Buda road project to claim 28 trees

By Andy Sevilla

Though some trees along RM 967 set up roots in Buda hundreds of years ago, more than two dozen will soon have to give way for a widening project aimed at accommodating growth.

The Texas Department of Transportation (TxDOT) and Hays County partnered in the widening proposal in effort to improve mobility and enhance safety along 2.6-miles of RM 967 between Cole Springs Road and FM 1626, a state agency spokesperson, Kelly Reyna, told the Hays Free Press

Trees along RM 967 marked with only red flags are slated for removal, Reyna said. According to TxDOT’s latest tree removal list, 28 trees are on the chopping block. 

Heart-shaped signs hung on trees that are slated for removal express area residents’ mourning for what the future holds for some woodland.

“Thank you for your beauty,” one sign states. “May your spirit live on.”

Another sign reads, “Thank you for everything you gave us.
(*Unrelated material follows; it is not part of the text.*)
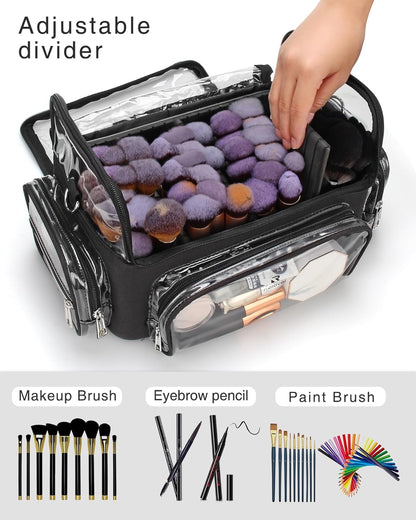 Makeup Brush Bag, Clear Makeup Brush Holder with Lid, Extra Large Capacity Travel Cosmetic Bag Makeup Artist Must Haves, Black Makeup Case, Make Up Organizers and Storage, with Adjustable Dividers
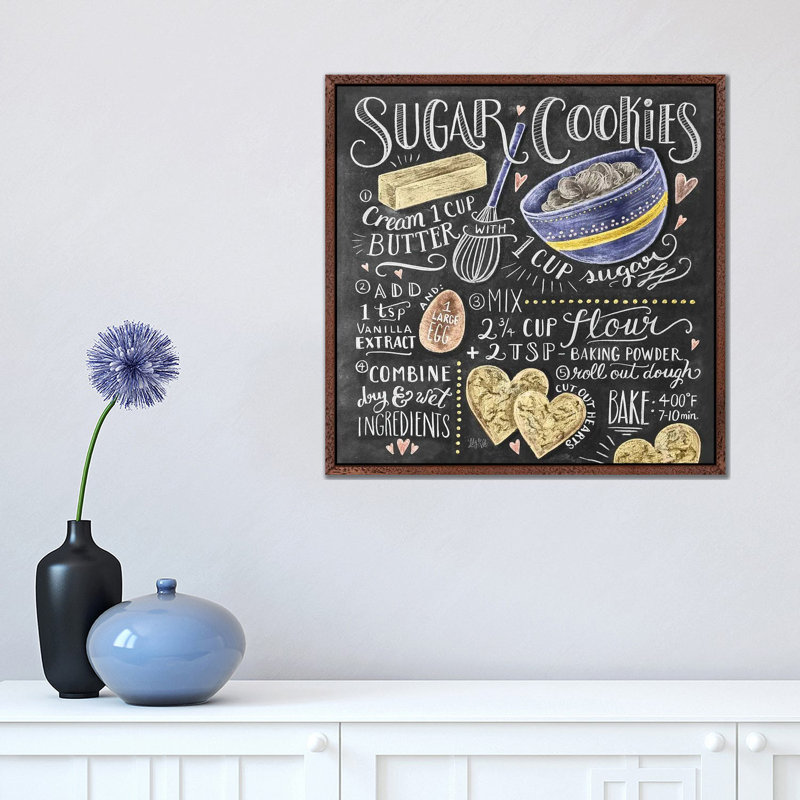 Sugar Cookies Recipe - Print on Canvas, 45.72 cm H x 45.72 cm W, Classic Brown Wood Framed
We are sorry you can’t be saved.”

But saving trees is what city officials lobbied TxDOT to do. 

Buda City Engineer Stanley Fees told the Hays Free Press council members unanimously approved instructions for staff to direct TxDOT on what the city’s wants were regarding tree removal along the roadway.
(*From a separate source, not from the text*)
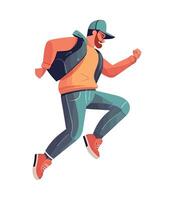 A man with a backpack is running vector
In subsequent negotiations between city staff and TxDOT, 86 trees pinned for removal were saved by modifying the roadway’s alignment, Fees said.
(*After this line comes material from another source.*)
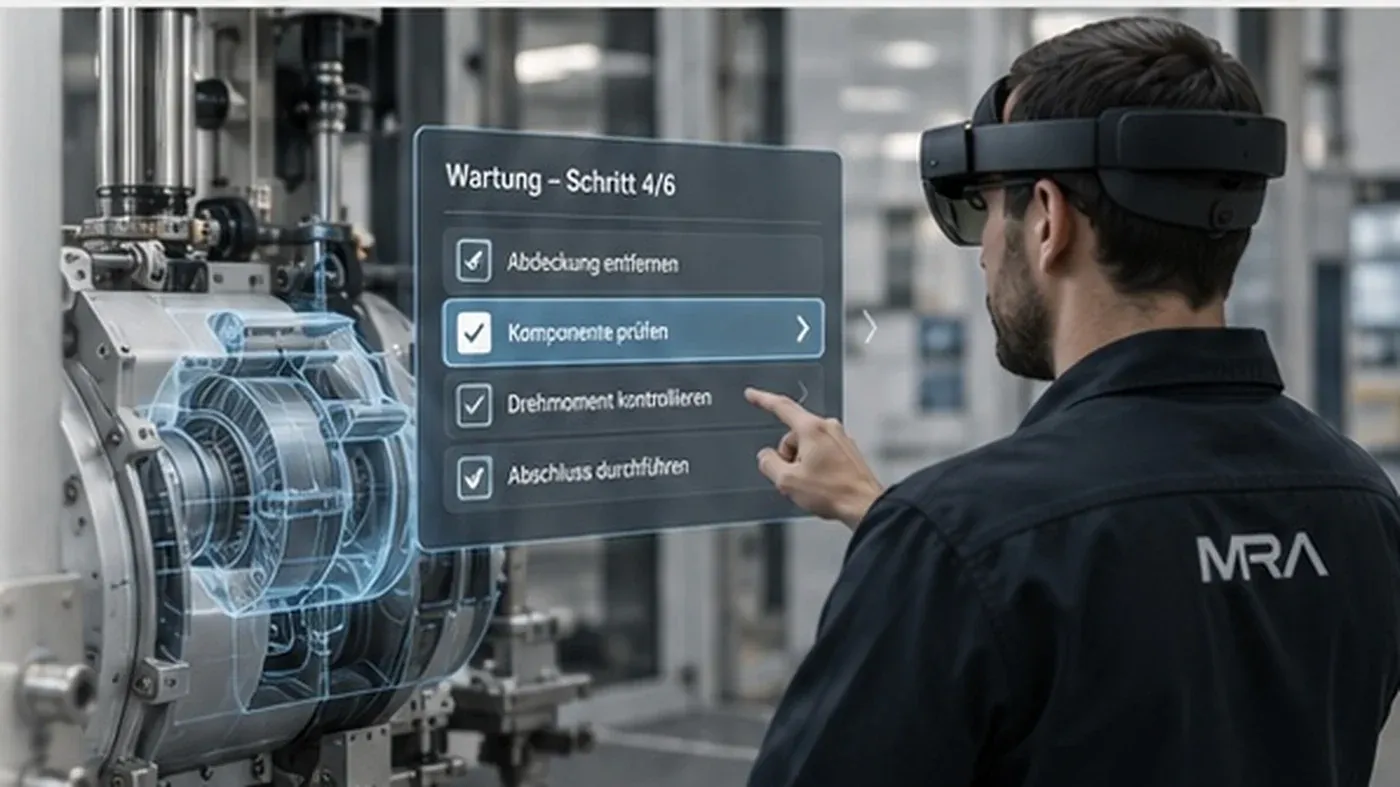 Mixed-Reality-Anwendung bei der Wartung einer Industrieanlage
“TxDOT’s local area office worked with the city and county to review the design and balance the existing environment,” Reyna said. “TxDOT will make adjustments to the typical sidewalk locations, use alternate drainage methods, and adjust the horizontal (shift left/right) alignment of the roadway in effort to preserve some trees.”

Suzy Robbins, a Garlic Creek resident, said she was unsure of who put the heart-shaped signs on some trees, but surmised it was likely neighborhood residents. 

Robbins said the large trees, like the ones slated for removal, were part of what attracted her family to Buda. 

“It helped make it feel like a small town still,” she said. “We all realize that it’s change, but it’s hard for us to lose living things that have been here for hundreds of years.”

Though she’s appreciative more trees were saved than originally suggested, Robbins said smart planning and being proactive, instead of reactive, could help city officials accommodate growth, all the while maintaining the city’s small town charm.

RM 967, however, is a state roadway. Though plans indicate the roadway will at some point be turned over to the city, presently there is no formal agreement for its transfer, Reyna said. 

“TxDOT is sensitive to the value of the natural environment and the safety of the public,” Reyna said. “We take this very seriously and will continue to work to enhance safety and mobility in the project area.”

The widening project will add a center-turn lane and paved shoulders along the identified 2.6-mile stretch of RM 967. The project also will include a sidewalk along one side of the roadway from Onion Creek to FM 1626. 

The city requested TxDOT construct the sidewalk on the south side of RM 967 from FM 1626 to the Garlic Creek subdivision to allow residents with small children to use it without having to cross the road, Fees said. 

TxDOT funded the design of the roadway improvements, and Hays County is funding the construction.